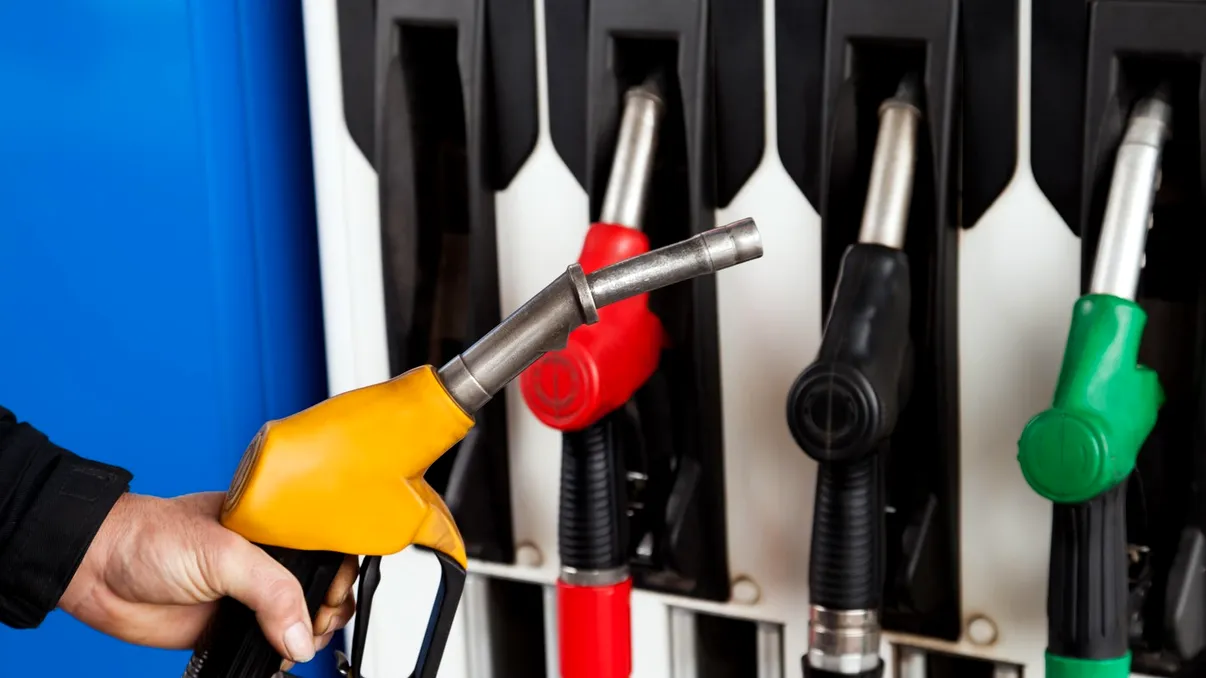Calculul făcut de ministrul Energiei. Cât de mult ar putea creşte preţul benzinei şi motorinei în următoarea perioadă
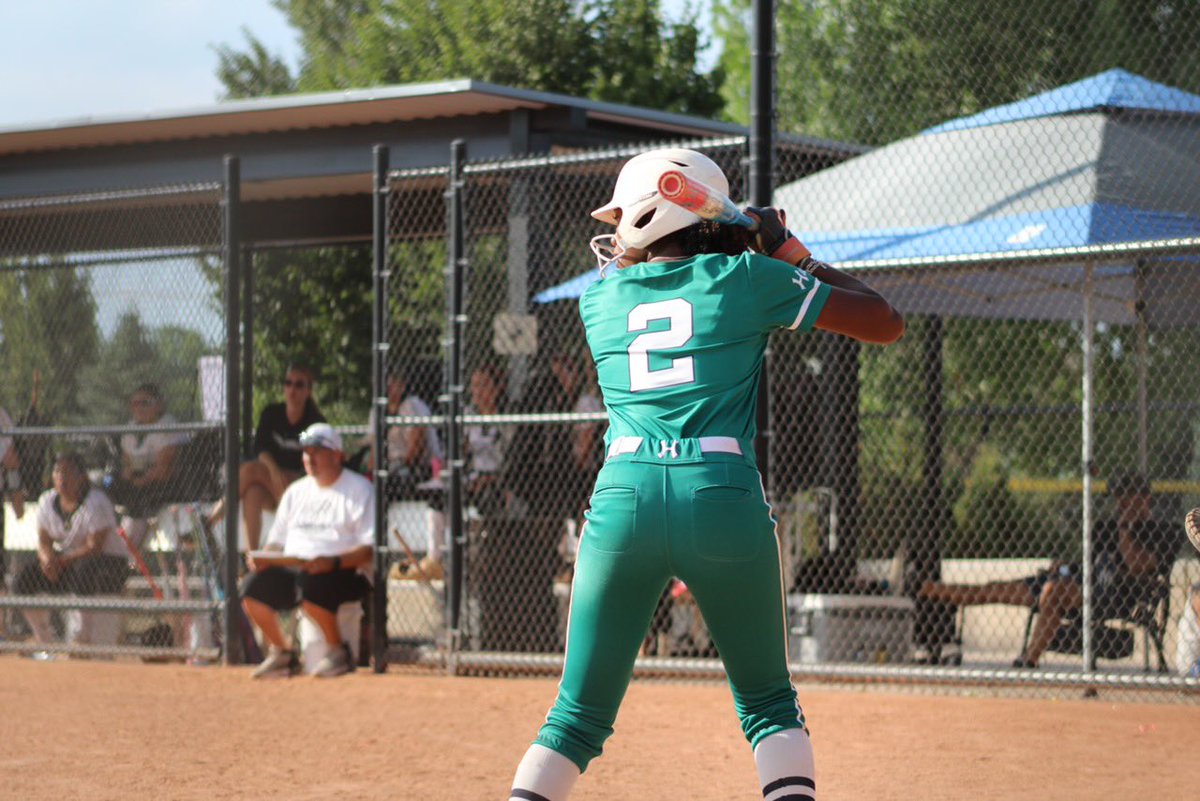 14uHustleNation's tweet photo. Shoutout to @SaBroussard2029 ! 👏

She led the team with 22 hits and finished the Patriot Games &amp; Colorado Sparkler hitting .449. Big-time performance all week. 

@TimRamonHNF @Ch1rsPacheco @HustleNationFP https://t.co/3cBKmHV4xo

> _Work request_:
Reproduce exactly, with nothing added, the lines from the one that contains "She led the" to the end of the data.

> _Exercise output_:
She led the team with 22 hits and finished the Patriot Games &amp; Colorado Sparkler hitting .449. Big-time performance all week. 

@TimRamonHNF @Ch1rsPacheco @HustleNationFP https://t.co/3cBKmHV4xo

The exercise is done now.